Long jaundice after birth is detected in 50% of children with Mekonial Ileus. However, she can independently be the first sign of the disease. Jaundice develops due to bile thickening, because of which the outflow of her gallbladder is difficult.
In the first year of life in a breast child, patient with fibrosis, a resistant dry cough is celebrated. The glands of the mucous membrane, lining the respiratory tract, produce a large number of viscous mucus, which, accumulating in bronchi, closes their clearance and prevents normal breathing. Since the mucus is stuffed, in it begin to multiply the pathogens of microorganisms, which causes purulent inflammation. Therefore, such children are frequent bronchitis and pneumonia. If violations from the respiratory system prevail among the manifestations of the fibrosis, then they talk about the pulmonary form of the disease.

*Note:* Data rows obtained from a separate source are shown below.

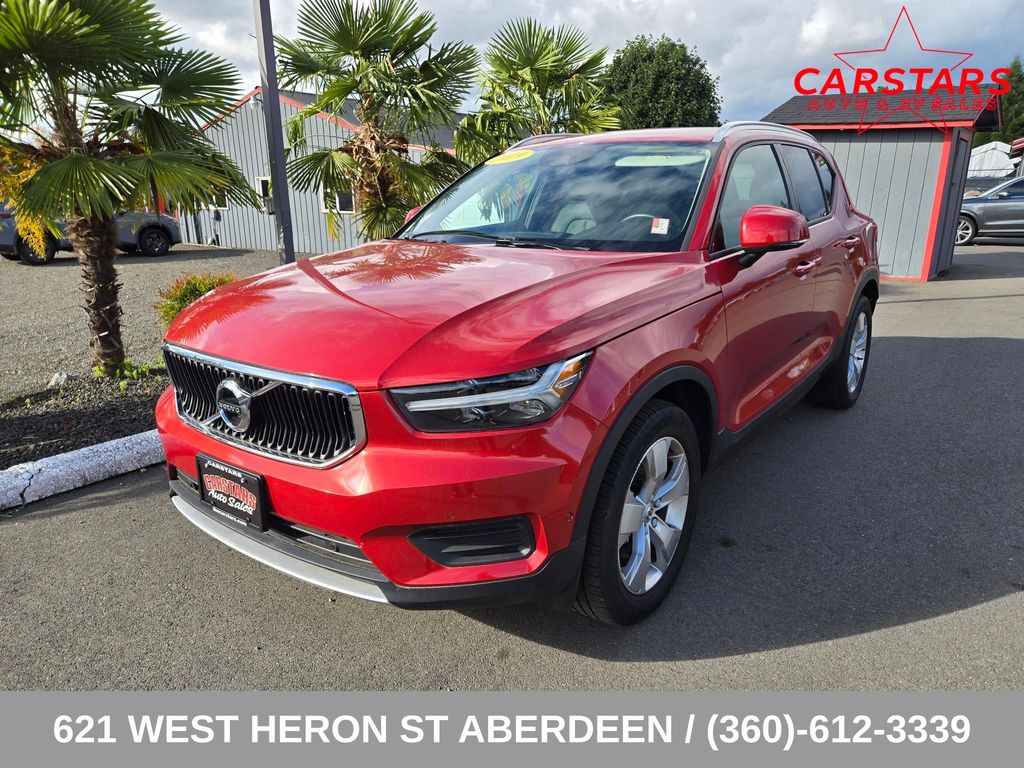 2019 Volvo XC40 T5 Momentum AWD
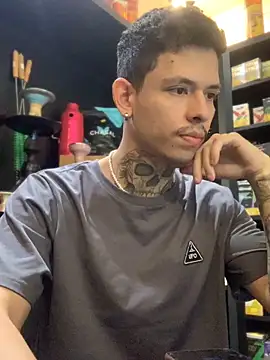 Snapshot of craxybaby chatting on 10-24-25, 02:46 craxybaby online show from 10-24-25, 02:46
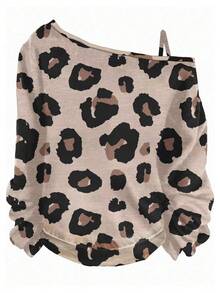 EMERY ROSE Asymmetrical Neck Long Sleeve Plus Size T-Shirt With Leopard Print Pattern And Stylish Fit Leopard Print Top Animal Print Top One Shoulder Top One Shoulder Leopard Top Leopard Top Cheetah Top Animal Print BlouseIn , - Multicolor - View 4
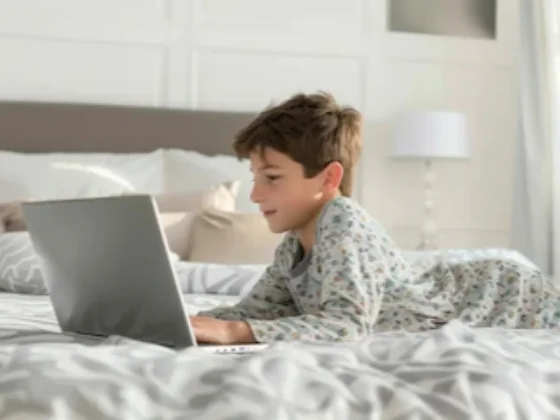 El 60% de los niños y adolescentes interactuó con desconocidos en internet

The kid often has a lag in physical development — The child does not gain weight, he has a very weakly developed subcutaneous fatty fiber, noticeably lagging in growth compared to peers.
At the same time, a permanent manifestation of the disease is very frequent, abundant, slicer, oily chair containing undigested residues of food. Hard masses are difficult to wash off from diapers, can be clearly noticeable impurities. Such manifestations are developing due to the concentration of the pancreatic juice: bunches are clogged by its ducts. As a result, the pancreatic enzymes that actively affect the processes of digestion, do not reach the intestines — Disorders of the digestion and slowdown in metabolism, primarily fat and proteins.
In the absence of appropriate treatment, it inevitably leads to the lag of the child in physical development. Pancreas enzymes, not falling into the intestines, break off the pancreas itself, accumulating in it. Therefore, often in the first month of life, the pancreas fabric is replaced by a connective tissue (hence the second name of the disease — kistofibrosis).
If during the disease, violations from the digestive system prevail, they are talking about the intestinal form of the fibrosis.
Most often there is a mixed form of the disease, when there are violations and from the respiratory side, and from the digestive system.
A very important feature of the fibrosis is a change in the composition of sweat.
In the sweat fluid, sodium and chlorine. Sometimes, when kissing, parents notice the salty taste of the child's skin, less often you can see crystalline salt on its skin.
In 5% of patients with fibrosis of children, the repulsion of the rectum may be observed (during defecation mucosa «Output» From the rear pass, which is accompanied by a child's concern). In the presence of such symptoms, you should consult a doctor, including to eliminate the fibrosis.